Given that point A is (-8, 6) and point D is (3, 9), we can calculate the lengths of sides AB, BC, CD, and DA using the distance formula:
1. Calculate the length of side AB:
- The distance between points A(-8, 6) and B(x, y) is given by the equation:
sqrt((x - (-8))^2 + (y - 6)^2) = sqrt((x + 8)^2 + (y - 6)^2)
2. Calculate the length of side BC:
- Since point C lies on the line y = 3x, we can substitute the x-coordinate of point B into the equation y = 3x to find the y-coordinate of point C.
- The distance between points B(x, y) and C(x, 3x) is given by the equation:
sqrt((x - x)^2 + (y - 3x)^2) = sqrt(0^2 + (y - 3x)^2)

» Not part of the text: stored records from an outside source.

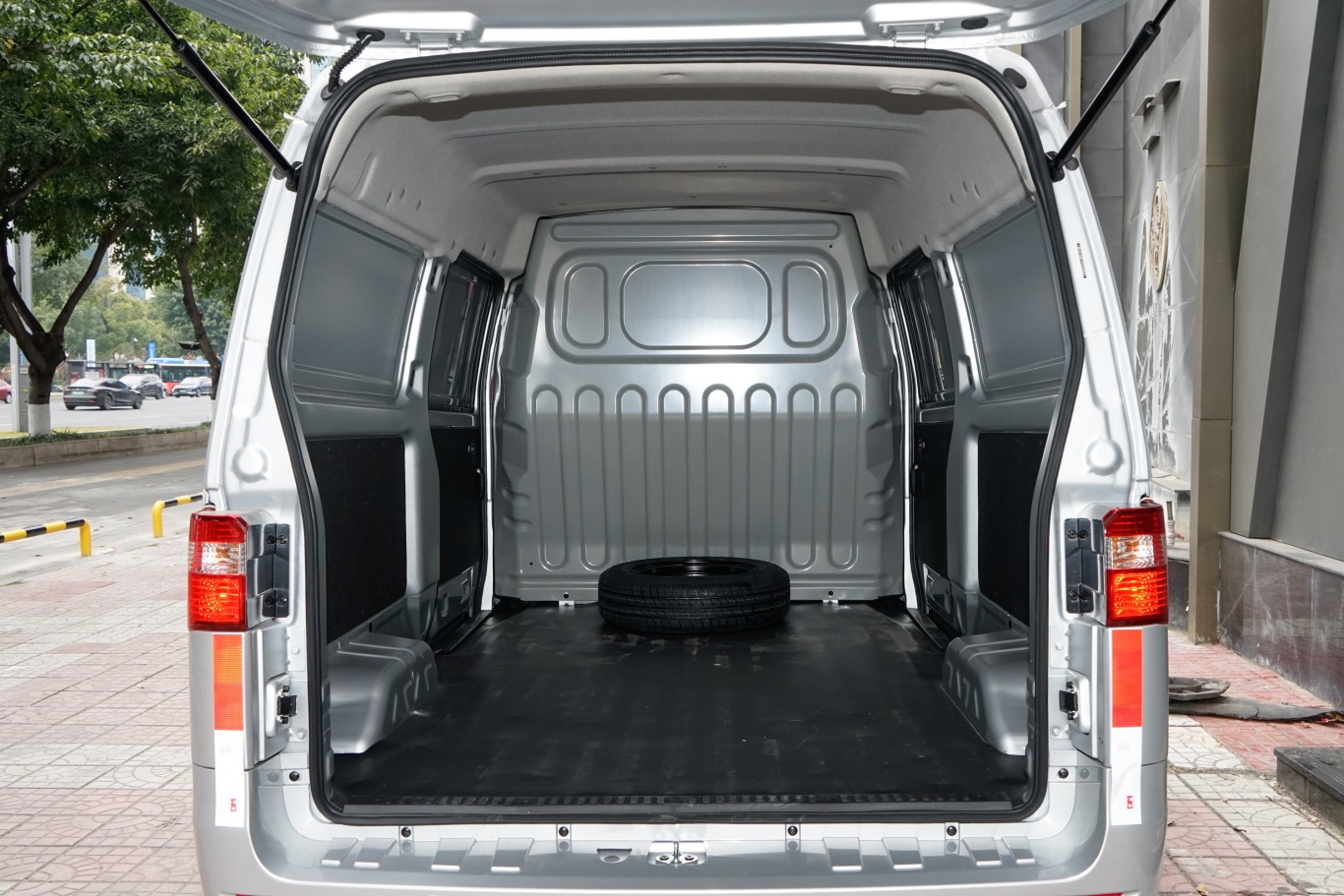 高新西鑫源小海狮X30降0.30万 最低仅售4.09万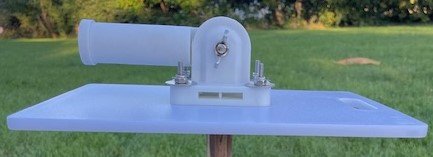 One legged table in packable view.jpg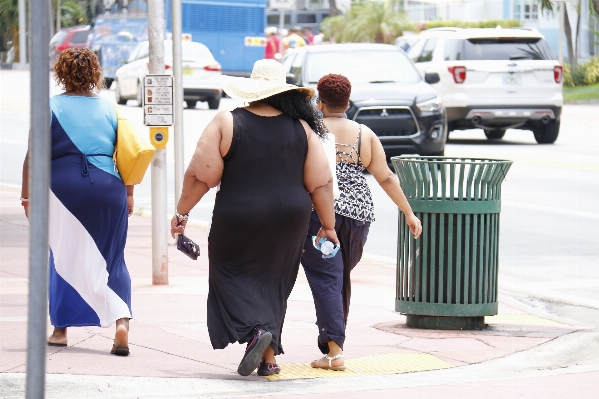 Foto Homem pedestre pessoas cidade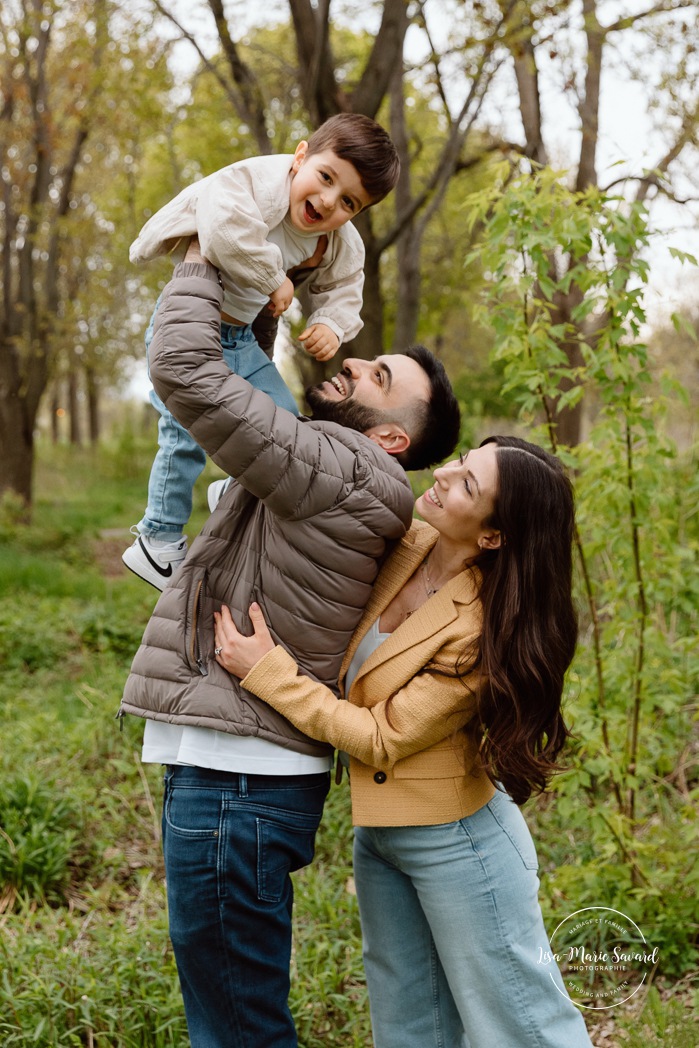 Spring family photos. Fun outdoor family photos. Photos de famille au berges de Verdun. Mini séances familiales 2025. Photographe à Montréal. Montreal photographer. Montreal family mini session.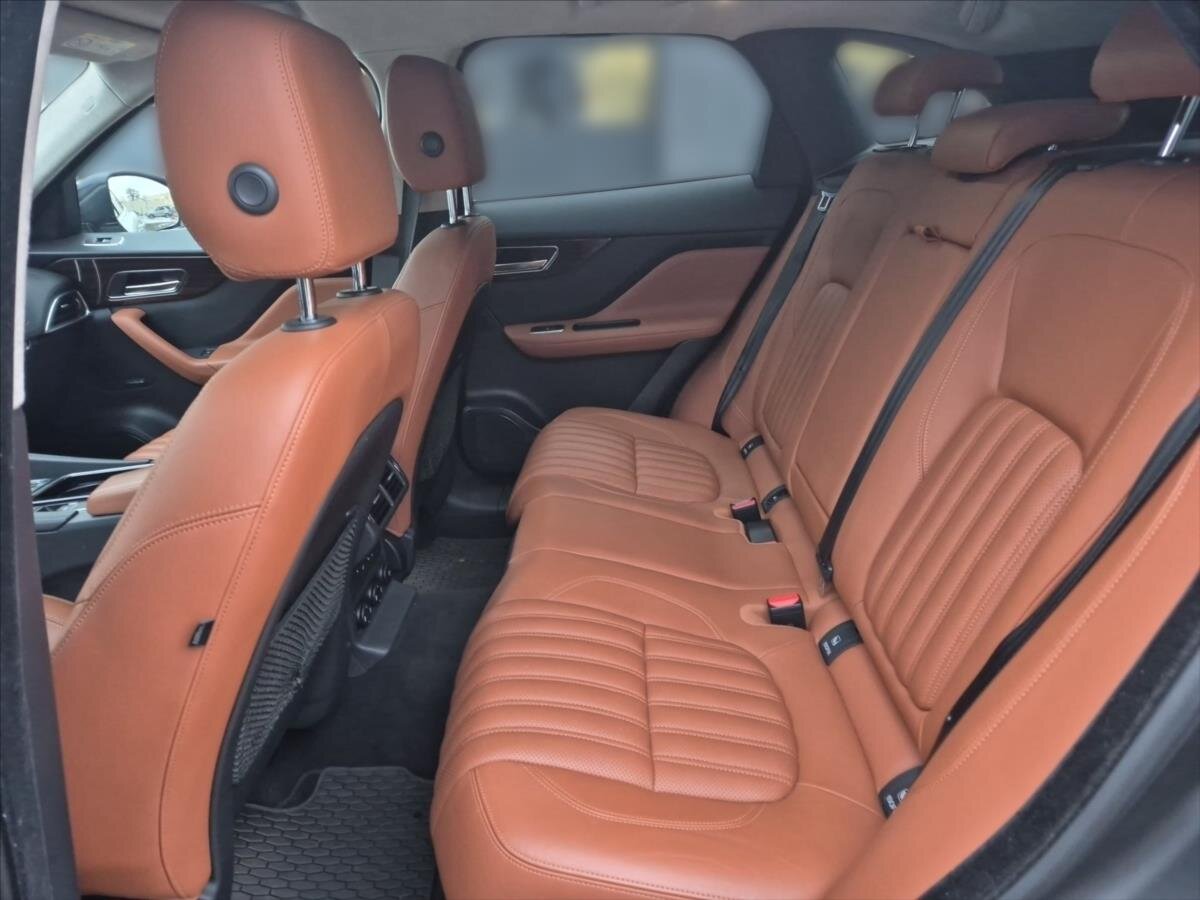 Jaguar F-Pace SUV / Terénní 3,0 l 221 kw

3. Calculate the length of side CD:
- The distance between points C(x, 3x) and D(3, 9) is given by the equation:
sqrt((x - 3)^2 + (3x - 9)^2)
4. Calculate the length of side DA:
- The distance between points D(3, 9) and A(-8, 6) is given by the equation:
sqrt((3 - (-8))^2 + (9 - 6)^2) = sqrt((3 + 8)^2 + (9 - 6)^2)
Once you have calculated the lengths of all four sides, add them together to find the perimeter of the rhombus ABCD. Leave your answer in simplest surd form.